TASK REQUIREMENTS
All records below are to be duplicated exactly, with every picture excluded.

——

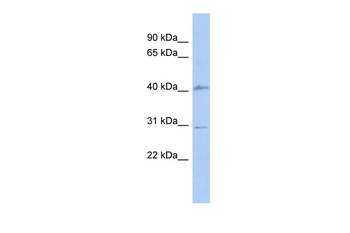 SQSTM1 Rabbit Polyclonal Antibody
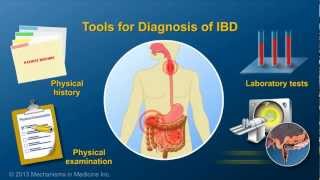 Diagnosing IBD [upl. by Giff]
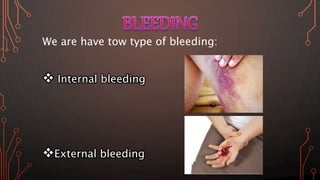 We are have tow type of bleeding:
 Internal bleeding
External bleeding
 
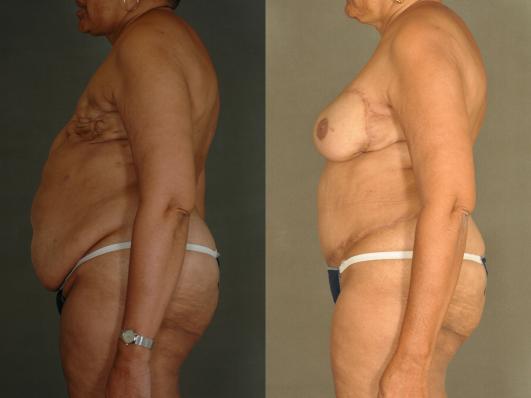 DIEP FlapBreast Reconstruction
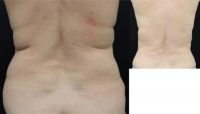 55-64 year old woman treated with Liposuction
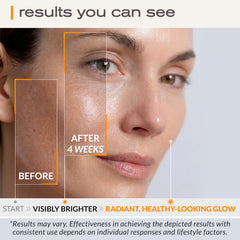 Ella & Eden Vitamin C Serum ingredients with green tea and CoQ10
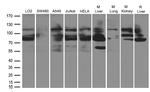 GNE Antibody in Western Blot (WB)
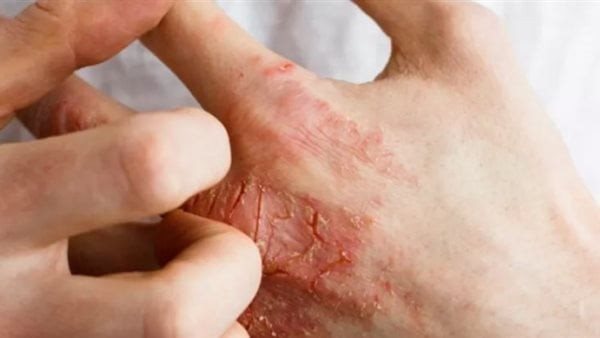 بكتيريا الجلد 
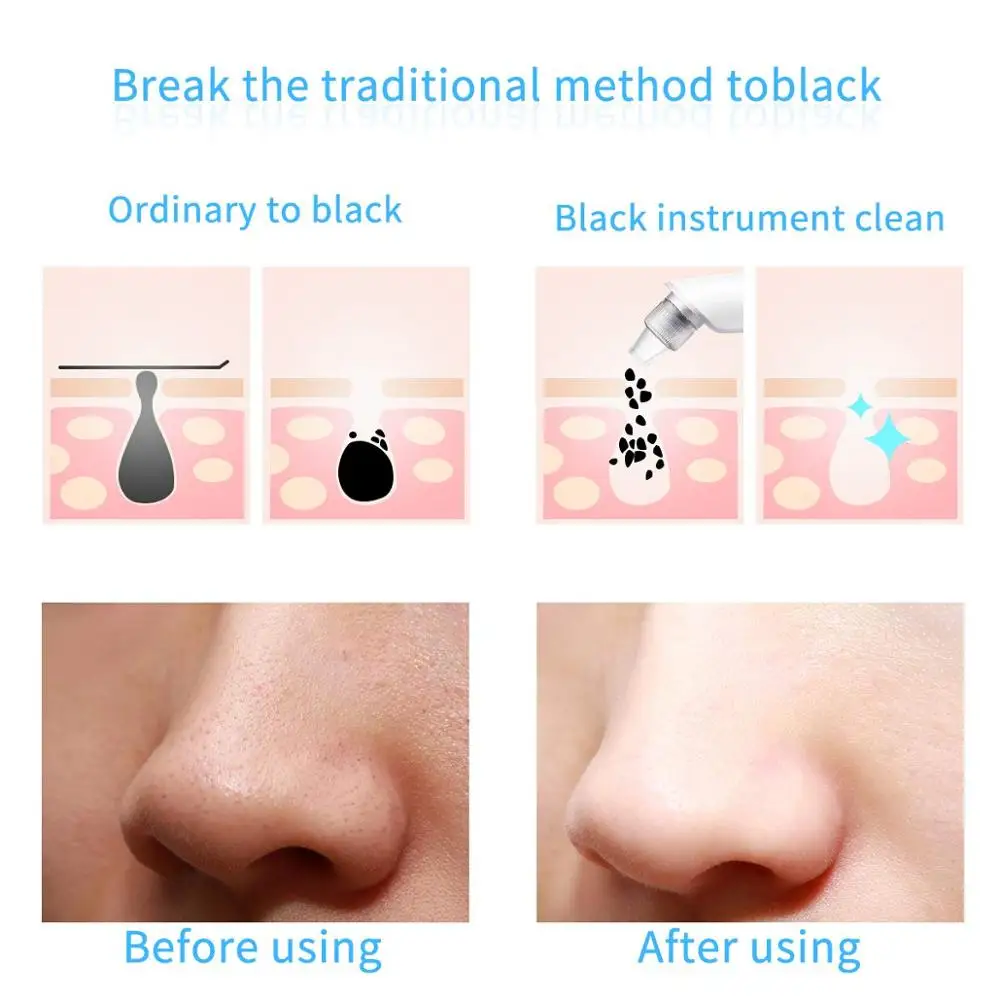 Мини-электрическое средство для очистки пор от угрей очиститель красоты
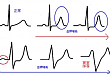 10 分钟高钾心电入门课：卢喜烈教授带你快速上手！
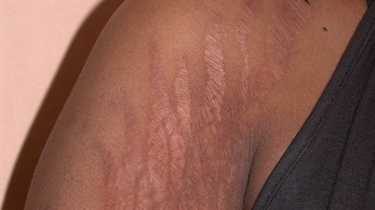 What Can I Use To Prevent Pregnancy Stretch Marks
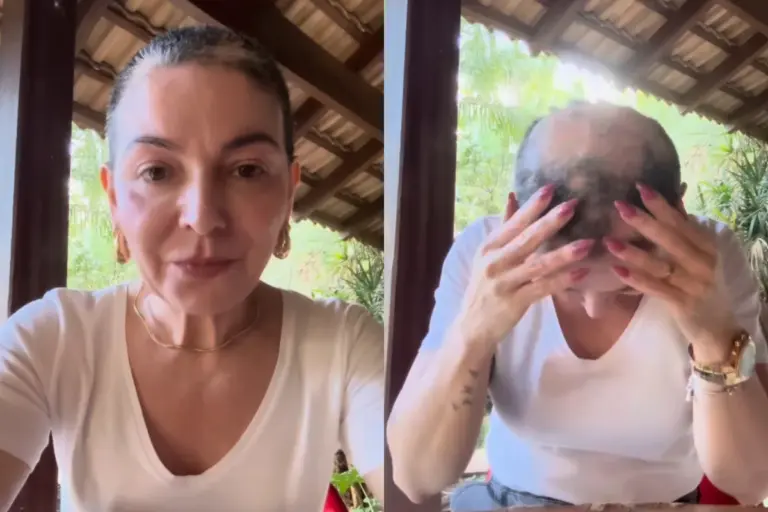Mãe de Lucas Lucco desabafa após retorno de queda de cabelo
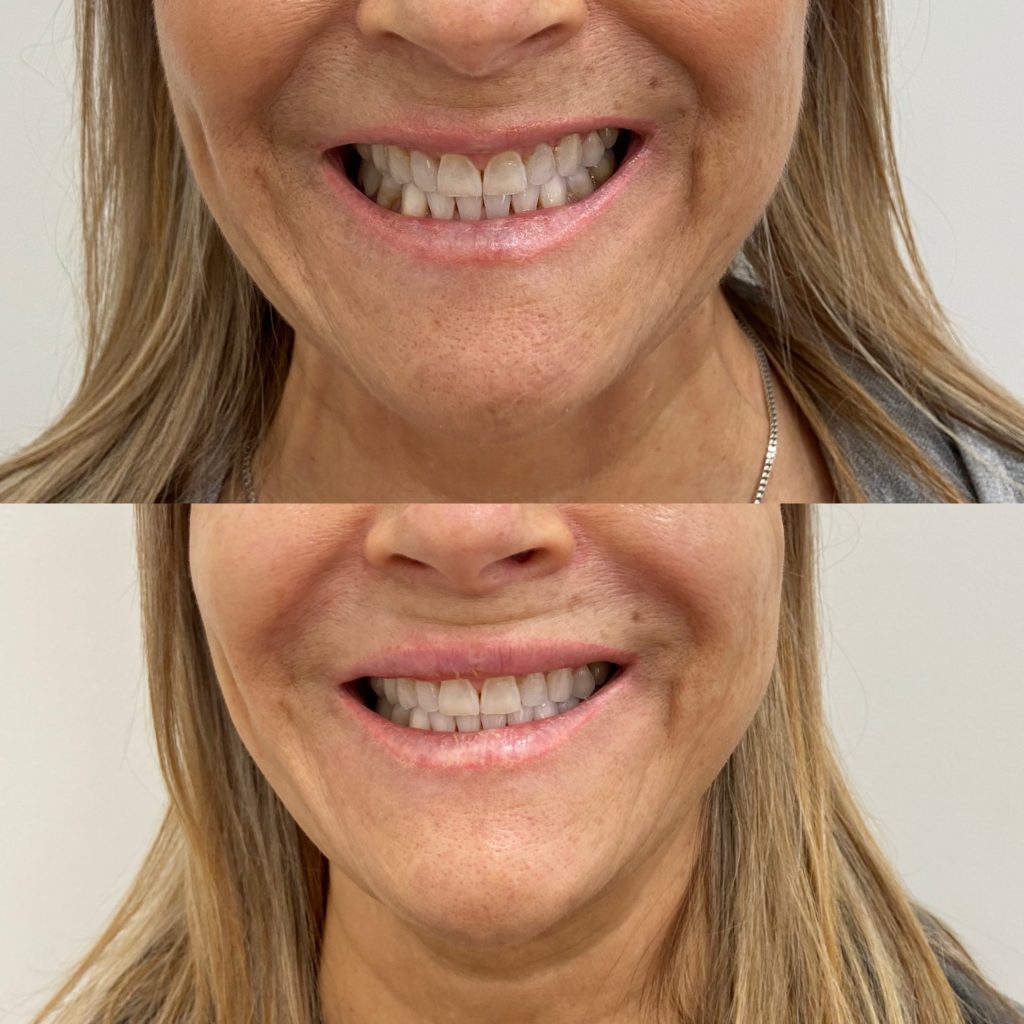 Before and After Lip lines flip Treatment | Beauty Boost Med Spa in Newport Beach, CA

——

RESPONSE TO THIS TASK
 SQSTM1 Rabbit Polyclonal Antibody
 Diagnosing IBD [upl. by Giff]
 We are have tow type of bleeding:
 Internal bleeding
External bleeding
 
 DIEP FlapBreast Reconstruction
 55-64 year old woman treated with Liposuction
 Ella & Eden Vitamin C Serum ingredients with green tea and CoQ10
 GNE Antibody in Western Blot (WB)
 بكتيريا الجلد 
 Мини-электрическое средство для очистки пор от угрей очиститель красоты
 10 分钟高钾心电入门课：卢喜烈教授带你快速上手！
 What Can I Use To Prevent Pregnancy Stretch Marks
Mãe de Lucas Lucco desabafa após retorno de queda de cabelo
 Before and After Lip lines flip Treatment | Beauty Boost Med Spa in Newport Beach, CA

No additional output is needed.